New president Jeffrey Webb is a big man and cut a proud figure as he took to the podium at the confederation’s Congress in Budapest to deliver a ‘let’s-clean-up-our-act’ exhortation on having been elected, unopposed, by acclamation.
By the the end of the day, however, he appeared to have aged 10 years after a coterie of American lawyers and accountants and consultants had laid bare a state of legal and financial chaos which sparked a firework display of fury from delegates of the football associations of the Central and North American Confederation.
The targets for their anger were not present.
One was Jack Warner, who quit all football (including his posts as a FIFA vice-president and as president of both CONCACAF and its subsidiary Caribbean Football Union) in the wake of the Bin Hammam Scandal last year.
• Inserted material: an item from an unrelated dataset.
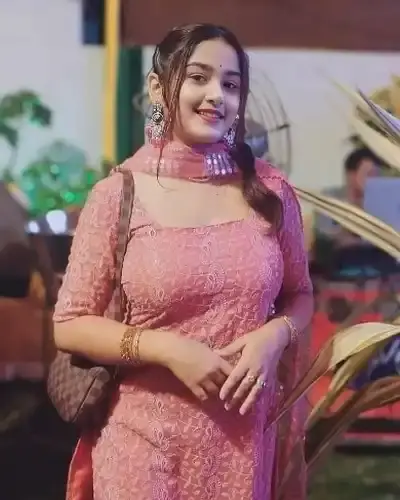 Call Girls Udhna Cash On Delivery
The other was Chuck Blazer, CONCACAF’s general secretary for the best part of two decades until his resignation last December (though he remains one of CONCACAF’s FIFA delegates); Blazer was in Budapest but, reportedly, unwell.
Delegates were angry that the accounts were incomplete; that no tax papers had been filed in the US since at least 1994 (CONCACAF, while tax-exempt, rents a $1m-a-year office suite in Trump Tower in Manhattan); and that the Joao Havelange Centre of Excellence in Trinidad is owned not by CONCACAF itself but by two companies owned by the Warner family.
Delegates were also indignant that Blazer had been paid 10pc commission on TV deals via a company in the Cayman Islands (ironically Webb’s home) and that he was due between $4m and $5m from last year under the terms of a contract signed off years ago by Warner.
Not that Blazer, on that basis, had committed any felony; just that a vengeful green-eyed monster was stalking Congress.
CONCACAF’s Congress very nearly did not take place at all.
Lisle Austin, installed and immediately deposed as acting president after Warner quit last year, has been fighting for his reinstatement through the courts in the Bahamas (where CONCACAF is domiciled legally). His pursuit of an injunction to stop Congress taking place had been overruled only on Monday.
Then there is the issue of the CFU. At the start of the week, meeting in Budapest, it had elected Gordon ‘Banks’ Derrick of Antigua as new president. This was presented as a sign of happy unity.
Quickly it emerged, during CONCACAF Congress, that this unity was illusory. The Spanish connection complained that they had been marginalised in the decision-making process and the French connection complained that there had been no accounts available, not even incomplete ones.
Webb’s coronation as CONCACAF president was witnessed by an assortment of the great and the good from the FIFA family, including president Sepp Blatter and UEFA’s Michel Platini. But once they had left the building so the truce ended abruptly; speaker after speaker competed to reach ever higher levels of self-righteous indignation.
This reached a climax with a proposal that FIFA Congress on Friday should remove Blazer as a CONCACAF delegate on the exco.
On the other hand . . . CONCACAF Congress was peopled by mostly the same men who sat happily on their hands for much of the last 20 years, many of whom had participated in the ‘brown envelope’ conference organised by Warner on behalf of Mohamed Bin Hammam last year.
Wherever the verbal gunfire came from, it wasn’t from the moral high ground.